Conducting customer discovery for a product aimed at the Chinese market while you’re actually in China is an eye opening experience. After weeks of refining our business plan in the U.S., the chance to talk directly to potential customers has been invaluable. Yesterday Justin and I were fortunate enough to pitch an abbreviated version of our business plan to a delegation of business and educational leaders in the city of Bengbu. Afterwards we received a lot of feedback from students who attended the presentation.

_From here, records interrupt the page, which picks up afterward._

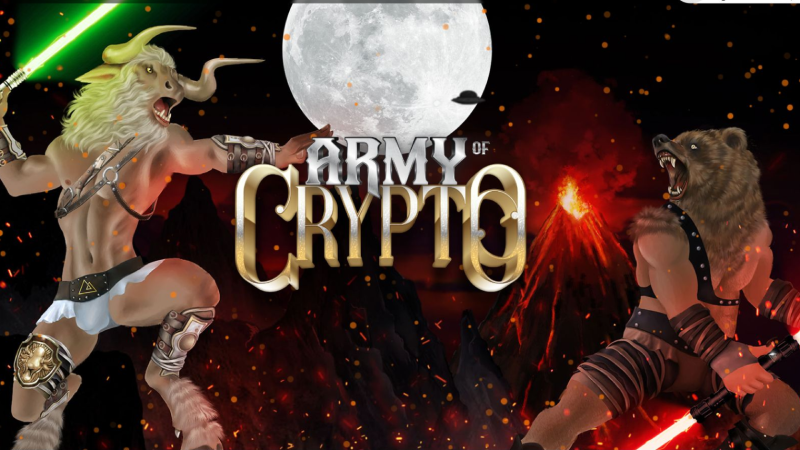 Army of Crypto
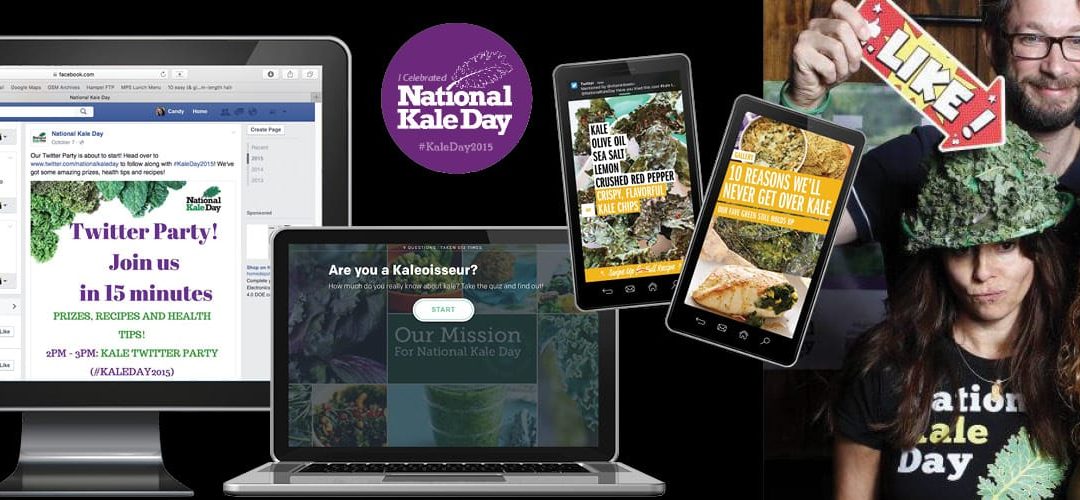 National Kale Day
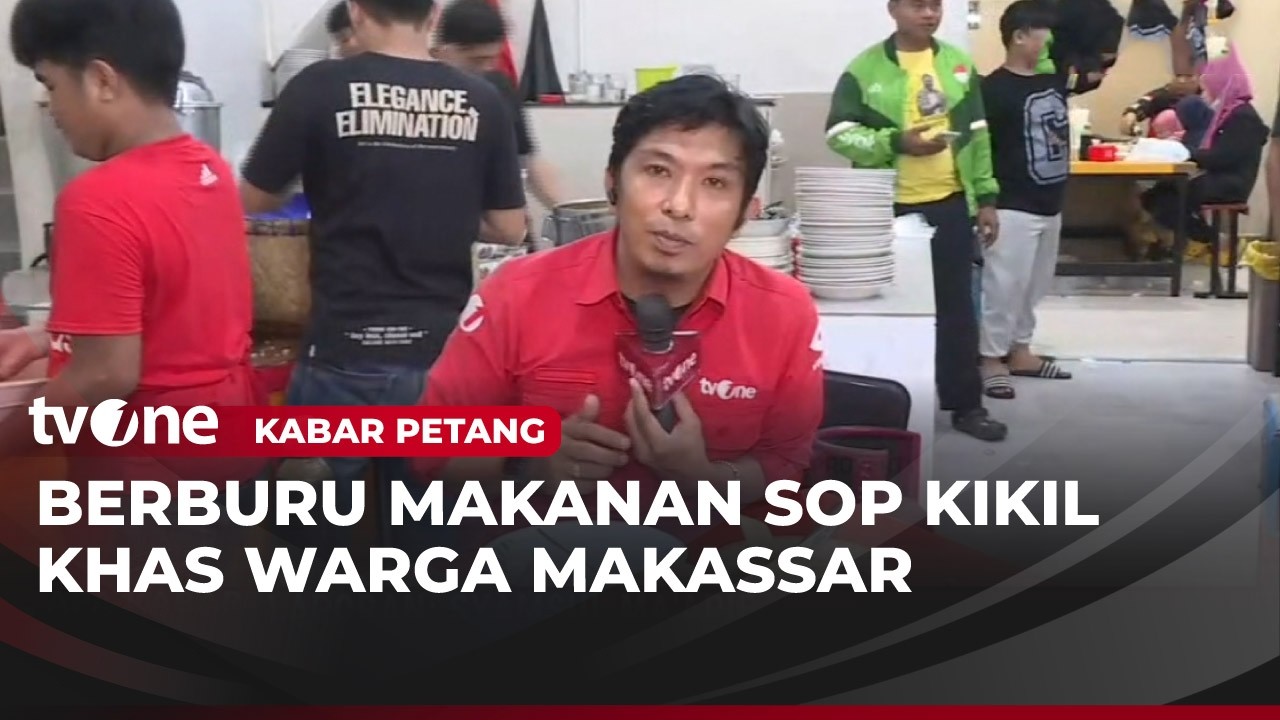 Berbuka Puasa Dengan Berbagai Jenis Sop | AKIM tvOne
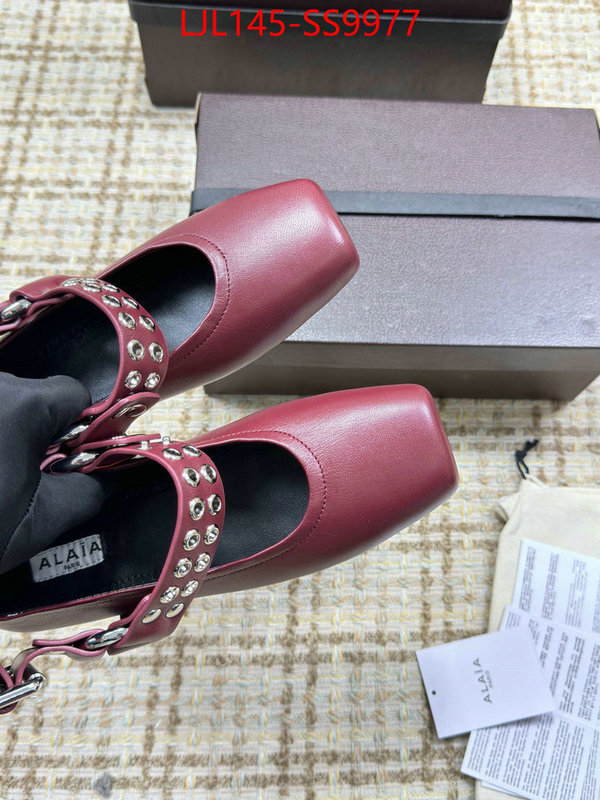 Women Shoes-ALAIA sell online ID: SS9977 $: 145USD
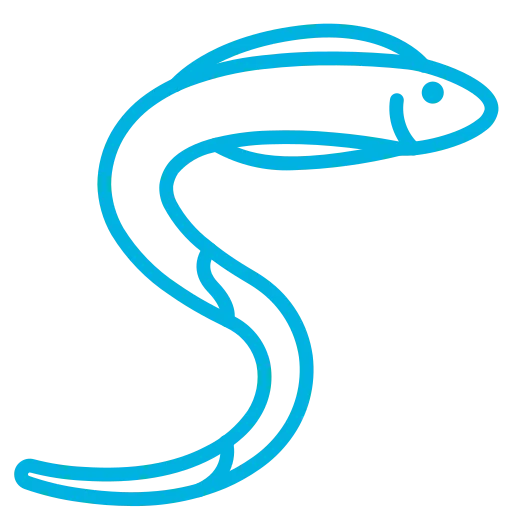 Fischerei-Pächtergemeinschaft Rursee e.V. - Nachhaltige Sportfischerei und Umweltschutz - Symbol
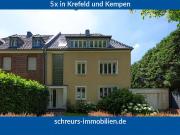 Wohnung zum Kaufen in Krefeld Bismarckviertel 525.000,00...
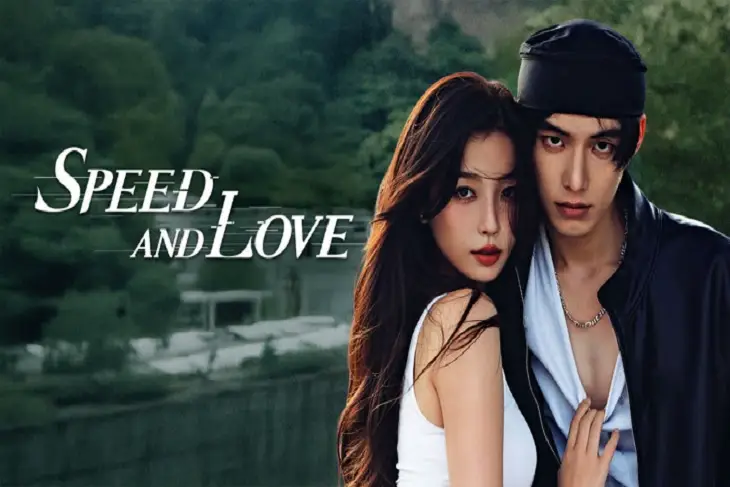 Drama China Speed and Love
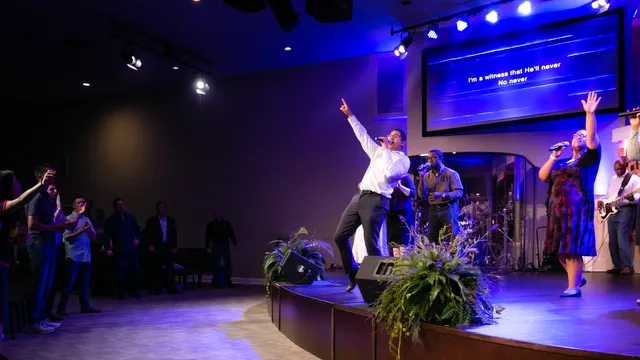 First Church Charlotte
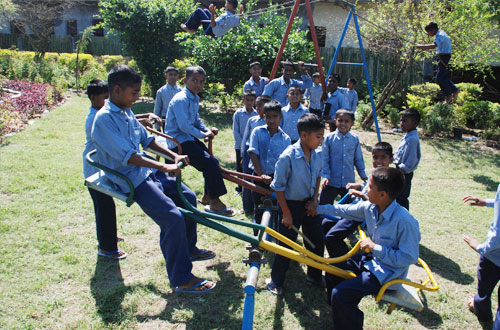 Divya Bharat Shiksha Mandir — Vandematram Kunj, Divya Prem Sewa Mission, Haridwar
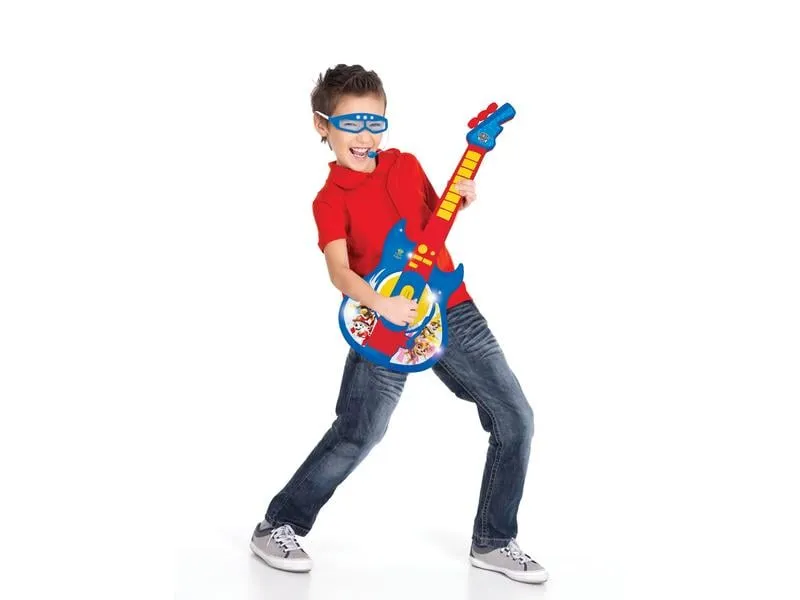 Lexibook Musikinstrument Paw Patrol Elektronische Gitarre Lexibook Musikinstrument Paw Patrol Elektronische Gitarre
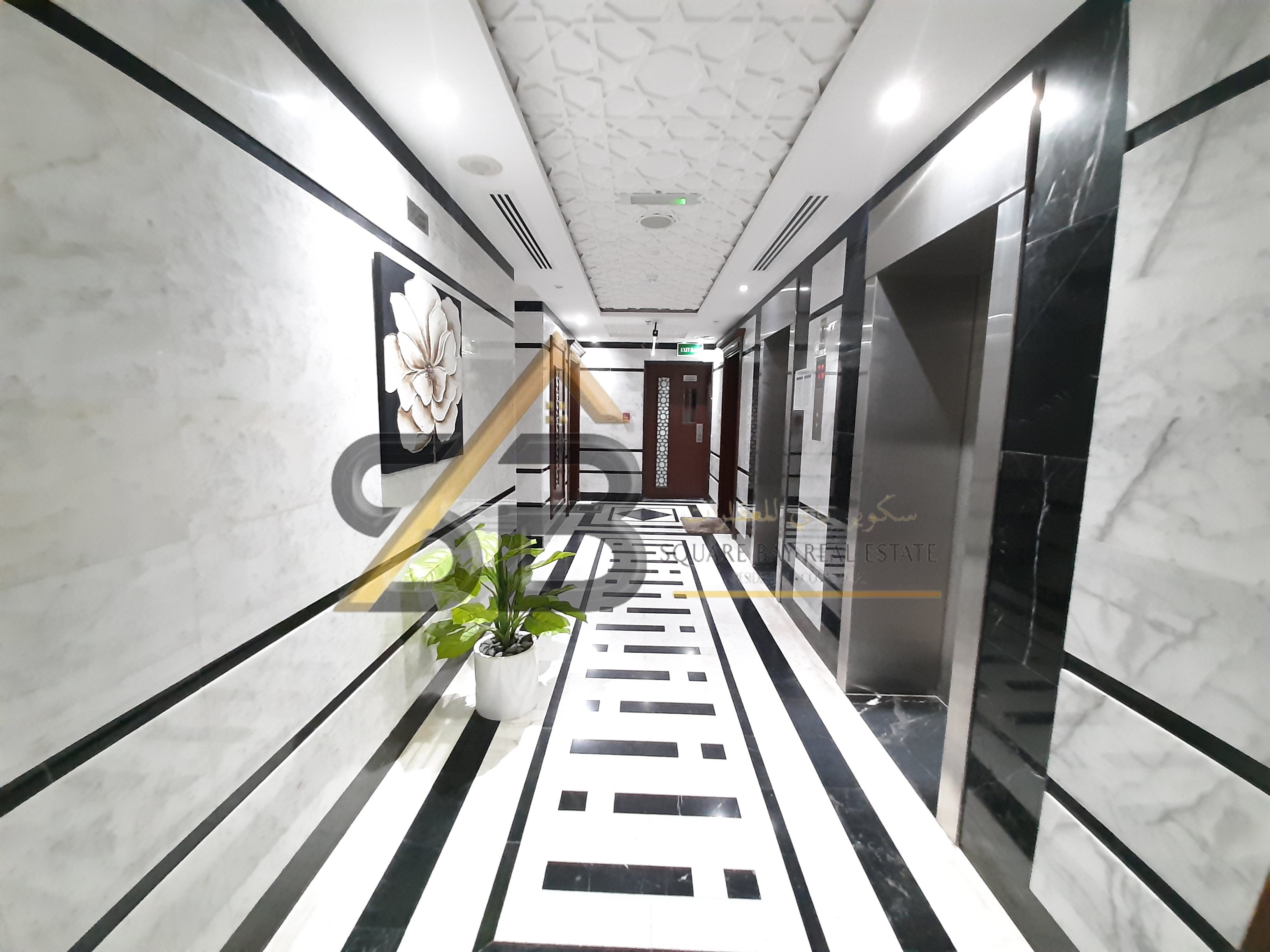 Spacious 2 Bedroom | Nearby MetroStation | Prime Location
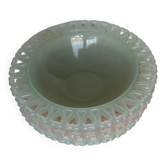 Set of 3 opaline cups
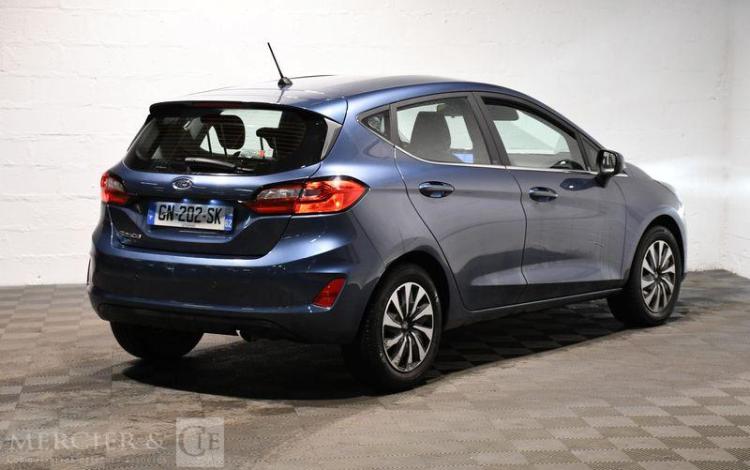 FORD FIESTA TITANIUM BUSINESS  GN-202-SK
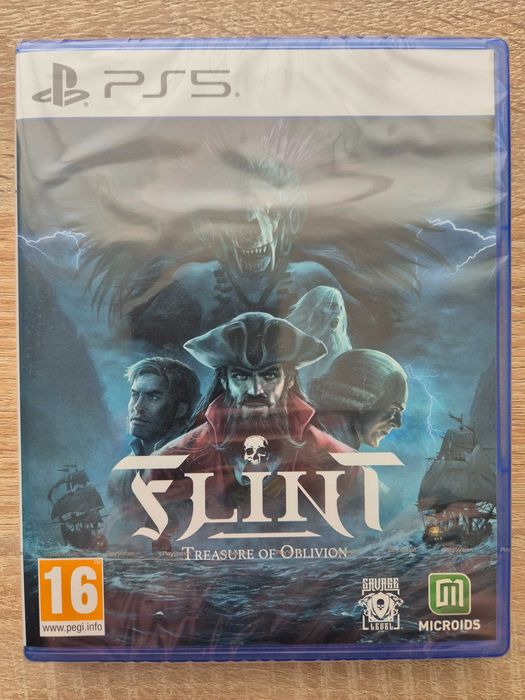 PS5 The Thaumaturge (новий, рос. субтитри)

Me and Vivian negotiating her intern salary

Me and Vivian negotiating her intern salary

One student, Vivian, came right up to me afterwards and told me exactly why our business wouldn’t work in China. When I defended our plan she continued to elaborate on exactly why it wouldn’t work and she convinced me that we did indeed have a few holes in our pricing scheme and our bring to market strategy. Luckily, Vivian is a marketing major and had a ton of great ideas on how to fix the product and market to young people in China. I’m hoping she’ll be the first unpaid intern for our company! (Vivian was also instrumental in encouraging our table at dinner to drink a concoction that I referred to as Dragon’s Blood, that began a series of hilarious and bizarre events that Justin blogged about yesterday.)

A huge lesson we’ve learned from pitching this idea in Bengbu and doing a brief ‘elevator pitch’ for so many strangers is how important it is to clarify the actual problem you are solving. I think the version of the pitch that we’ll present at the competition on Friday will be very clear in that regard, but I’ve definitely had the experience of explaining the business to people and they respond with a resounding “So what?”. If you don’t make it clear what the customer pain points are and how you’re product or service addresses them, then you just have a cool idea and not a business.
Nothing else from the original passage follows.